Last week I wrote about a specific application of machine learning – a way to make weapons smarter, to simplify somewhat. But adding intelligence is not the only way in which we are likely to see the tools of warfare evolve. There is a parallel arms race to make weapons much faster, but the extent to which one trend drives the other is complicated by their very different developmental challenges.
Last week also saw the Indian Defence Research and Development Organisation (DRDO) announce its first test of a new hypersonic vehicle. India joins a rowing race to build and deploy the fastest rockets and missiles; the U.S., China, Russia and Europe are already investing heavily.
It’s important to note that “hypersonic” weapons (weapons with speed greater than five times that of sound) include two separate categories and exclude another. The excluded category are standard ballistic missiles, which vastly exceed “hypersonic” speeds as they plunge through the atmosphere towards their targets – but which follow a predictable and basically immutable trajectory as they do.
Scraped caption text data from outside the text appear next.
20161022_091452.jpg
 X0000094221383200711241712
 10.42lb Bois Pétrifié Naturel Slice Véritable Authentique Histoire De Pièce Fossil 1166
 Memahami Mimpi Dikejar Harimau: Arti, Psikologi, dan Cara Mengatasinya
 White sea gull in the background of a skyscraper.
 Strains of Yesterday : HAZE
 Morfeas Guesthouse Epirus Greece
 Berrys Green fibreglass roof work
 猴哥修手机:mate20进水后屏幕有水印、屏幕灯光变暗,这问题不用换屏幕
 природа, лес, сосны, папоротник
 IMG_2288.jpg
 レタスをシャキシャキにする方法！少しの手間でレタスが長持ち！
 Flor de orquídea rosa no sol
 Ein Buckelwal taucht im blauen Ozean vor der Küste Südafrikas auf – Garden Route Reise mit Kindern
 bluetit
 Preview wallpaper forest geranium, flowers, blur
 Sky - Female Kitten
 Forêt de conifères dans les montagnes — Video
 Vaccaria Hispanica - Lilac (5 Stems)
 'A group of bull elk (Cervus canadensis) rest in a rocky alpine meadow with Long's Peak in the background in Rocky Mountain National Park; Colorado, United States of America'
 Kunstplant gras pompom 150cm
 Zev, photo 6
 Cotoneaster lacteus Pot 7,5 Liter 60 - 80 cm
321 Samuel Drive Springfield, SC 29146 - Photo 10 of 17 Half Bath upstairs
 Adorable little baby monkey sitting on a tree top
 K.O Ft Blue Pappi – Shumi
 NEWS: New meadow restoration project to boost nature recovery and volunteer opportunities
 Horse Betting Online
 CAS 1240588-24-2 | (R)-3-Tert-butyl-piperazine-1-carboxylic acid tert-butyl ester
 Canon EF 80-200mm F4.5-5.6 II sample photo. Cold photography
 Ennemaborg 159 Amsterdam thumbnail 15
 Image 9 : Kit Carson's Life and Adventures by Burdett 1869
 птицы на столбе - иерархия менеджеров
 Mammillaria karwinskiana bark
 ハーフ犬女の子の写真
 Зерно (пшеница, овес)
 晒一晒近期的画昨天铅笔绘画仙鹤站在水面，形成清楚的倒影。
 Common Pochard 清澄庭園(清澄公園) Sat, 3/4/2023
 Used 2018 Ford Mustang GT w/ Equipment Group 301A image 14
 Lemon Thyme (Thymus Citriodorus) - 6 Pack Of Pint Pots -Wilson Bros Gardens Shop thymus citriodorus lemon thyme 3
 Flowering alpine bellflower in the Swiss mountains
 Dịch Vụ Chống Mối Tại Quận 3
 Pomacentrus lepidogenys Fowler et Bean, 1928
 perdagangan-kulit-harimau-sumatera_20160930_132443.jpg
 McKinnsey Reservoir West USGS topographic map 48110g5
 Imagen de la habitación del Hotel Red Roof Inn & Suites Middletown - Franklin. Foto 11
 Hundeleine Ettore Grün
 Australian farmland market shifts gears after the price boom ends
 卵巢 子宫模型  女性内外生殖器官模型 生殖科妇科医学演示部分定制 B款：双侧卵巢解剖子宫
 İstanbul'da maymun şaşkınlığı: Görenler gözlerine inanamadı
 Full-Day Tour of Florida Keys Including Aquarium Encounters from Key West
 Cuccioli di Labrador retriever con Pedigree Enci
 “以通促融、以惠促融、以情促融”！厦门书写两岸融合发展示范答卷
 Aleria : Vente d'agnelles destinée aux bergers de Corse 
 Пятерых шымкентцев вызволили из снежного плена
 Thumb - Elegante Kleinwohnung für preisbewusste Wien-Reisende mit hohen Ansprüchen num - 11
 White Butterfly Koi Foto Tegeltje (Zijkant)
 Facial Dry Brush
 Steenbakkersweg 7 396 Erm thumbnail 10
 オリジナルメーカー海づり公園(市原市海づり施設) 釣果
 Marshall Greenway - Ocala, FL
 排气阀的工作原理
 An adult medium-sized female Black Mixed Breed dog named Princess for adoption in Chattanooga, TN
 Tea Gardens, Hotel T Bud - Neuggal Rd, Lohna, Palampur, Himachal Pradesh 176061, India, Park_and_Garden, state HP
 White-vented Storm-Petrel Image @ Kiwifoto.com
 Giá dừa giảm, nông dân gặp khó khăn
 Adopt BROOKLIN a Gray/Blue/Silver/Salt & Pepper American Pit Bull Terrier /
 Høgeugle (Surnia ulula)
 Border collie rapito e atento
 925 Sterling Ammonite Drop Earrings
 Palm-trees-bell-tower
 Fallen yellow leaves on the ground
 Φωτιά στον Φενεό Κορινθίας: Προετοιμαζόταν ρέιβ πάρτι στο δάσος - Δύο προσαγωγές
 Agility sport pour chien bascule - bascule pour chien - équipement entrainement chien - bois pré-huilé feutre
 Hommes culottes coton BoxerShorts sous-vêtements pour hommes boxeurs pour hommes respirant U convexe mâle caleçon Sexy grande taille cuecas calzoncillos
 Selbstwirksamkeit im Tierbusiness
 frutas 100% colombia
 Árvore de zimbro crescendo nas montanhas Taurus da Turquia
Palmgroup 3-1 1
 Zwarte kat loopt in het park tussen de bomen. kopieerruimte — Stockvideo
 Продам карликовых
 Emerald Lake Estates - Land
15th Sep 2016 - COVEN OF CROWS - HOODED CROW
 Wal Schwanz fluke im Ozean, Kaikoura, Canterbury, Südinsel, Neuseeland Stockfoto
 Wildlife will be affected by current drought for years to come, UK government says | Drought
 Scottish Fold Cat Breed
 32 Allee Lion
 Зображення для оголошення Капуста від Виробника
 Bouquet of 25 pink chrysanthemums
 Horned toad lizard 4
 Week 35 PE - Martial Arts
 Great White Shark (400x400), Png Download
There are hypersonic cruise missiles, which would fly through the atmosphere powered by scramjets, and there are hypersonic glide bodies, which are boosted up to immense speed on conventional rockets but instead of arcing through space ride on their own shockwave through the upper atmosphere. In both cases, the advantage is that a weapon could follow a lower trajectory (reducing its visibility to long-range radar) and potentially maneuver to obscure its target and avoid countermeasures.
The disadvantage, of course, is that making a weapon capable of surviving the extraordinary heat and stresses of hypersonic flight – let alone maneuvering accurately under those conditions – requires an extremely high degree of precision along with incredibly sophisticated metallurgy. This complexity accounts for why the first operational hypersonic weapons have only been deployed in the last few years. And with no publicly-known combat use yet and relatively little test data available in the public domain, it is impossible to assess the degree to which they are effective.
If such systems do become effective and widespread, however, a number of strategic and tactical dilemmas immediately emerge.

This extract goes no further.